DATA PROVIDED:
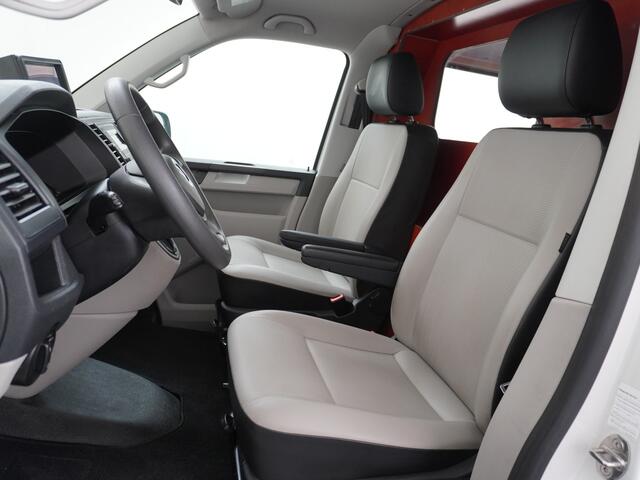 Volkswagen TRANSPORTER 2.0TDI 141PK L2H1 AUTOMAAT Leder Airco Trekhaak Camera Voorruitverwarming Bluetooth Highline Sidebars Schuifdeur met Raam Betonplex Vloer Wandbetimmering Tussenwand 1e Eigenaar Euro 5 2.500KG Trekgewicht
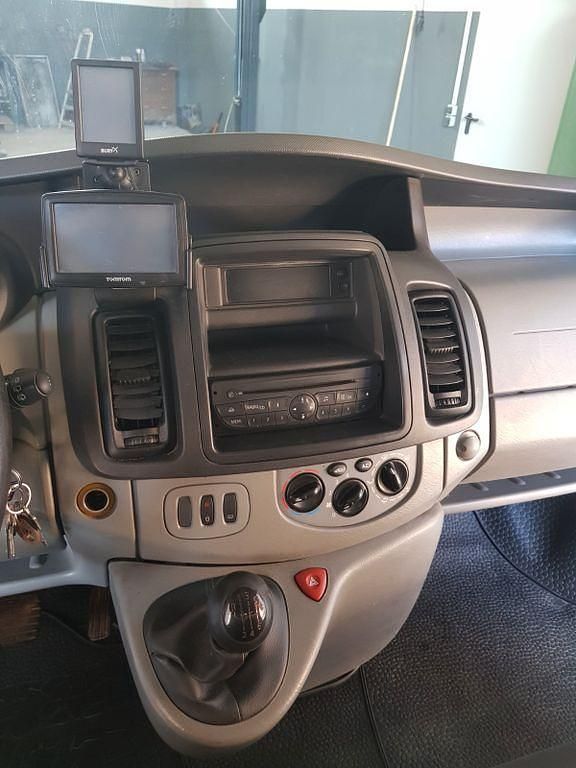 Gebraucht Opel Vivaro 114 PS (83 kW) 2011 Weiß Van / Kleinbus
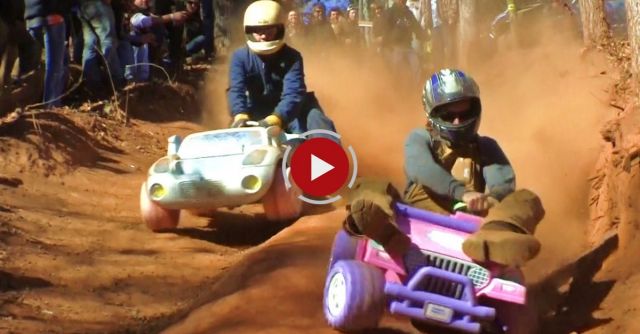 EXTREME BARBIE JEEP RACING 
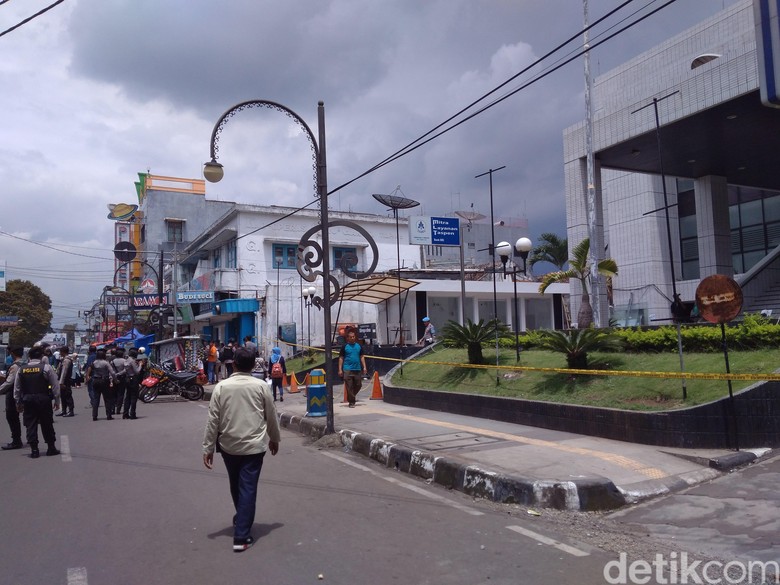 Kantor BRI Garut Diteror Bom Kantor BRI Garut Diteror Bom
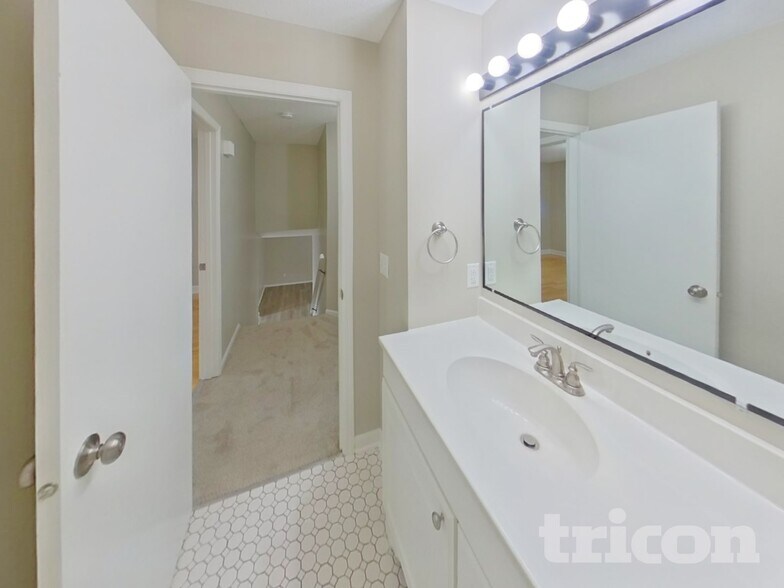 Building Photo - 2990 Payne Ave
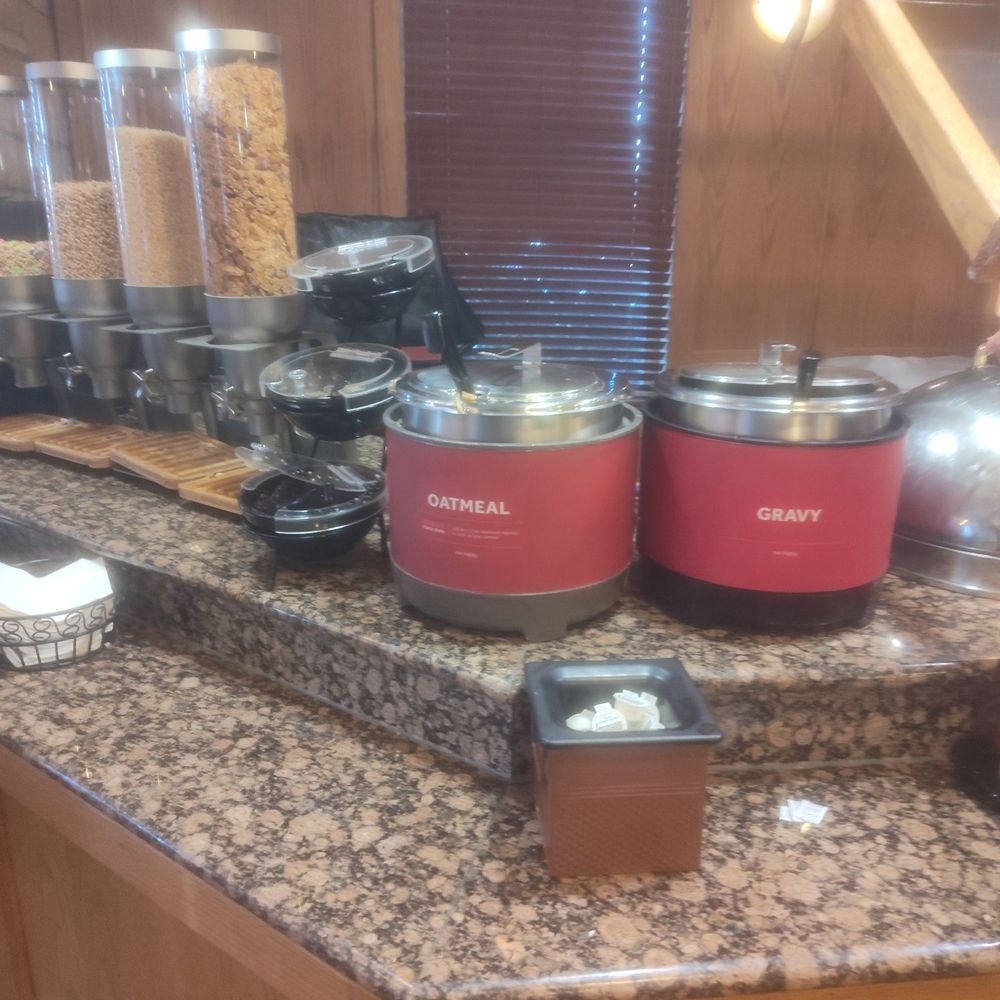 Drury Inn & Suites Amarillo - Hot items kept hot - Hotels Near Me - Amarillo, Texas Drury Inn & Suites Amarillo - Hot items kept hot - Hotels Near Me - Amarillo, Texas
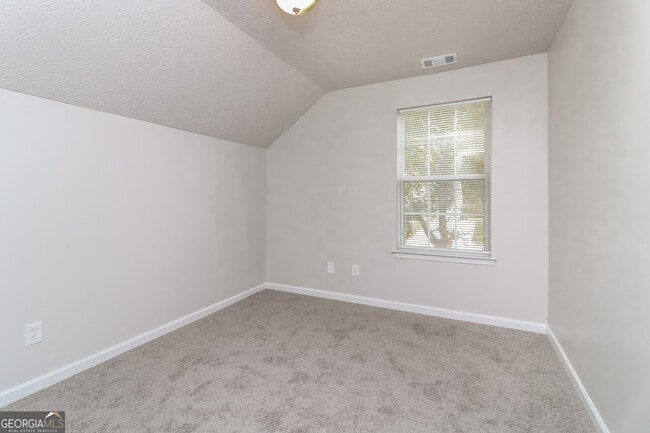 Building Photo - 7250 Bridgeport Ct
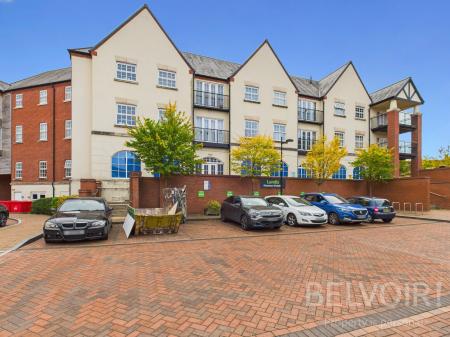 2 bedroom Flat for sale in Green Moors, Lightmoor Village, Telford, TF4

TASK DIRECTIONS: In transcribing the listing, keep each word as it is and drop the pictures.

YOUR SOLUTION:
 Volkswagen TRANSPORTER 2.0TDI 141PK L2H1 AUTOMAAT Leder Airco Trekhaak Camera Voorruitverwarming Bluetooth Highline Sidebars Schuifdeur met Raam Betonplex Vloer Wandbetimmering Tussenwand 1e Eigenaar Euro 5 2.500KG Trekgewicht
 Gebraucht Opel Vivaro 114 PS (83 kW) 2011 Weiß Van / Kleinbus
 EXTREME BARBIE JEEP RACING 
 Kantor BRI Garut Diteror Bom Kantor BRI Garut Diteror Bom
 Building Photo - 2990 Payne Ave
 Drury Inn & Suites Amarillo - Hot items kept hot - Hotels Near Me - Amarillo, Texas Drury Inn & Suites Amarillo - Hot items kept hot - Hotels Near Me - Amarillo, Texas
 Building Photo - 7250 Bridgeport Ct
 2 bedroom Flat for sale in Green Moors, Lightmoor Village, Telford, TF4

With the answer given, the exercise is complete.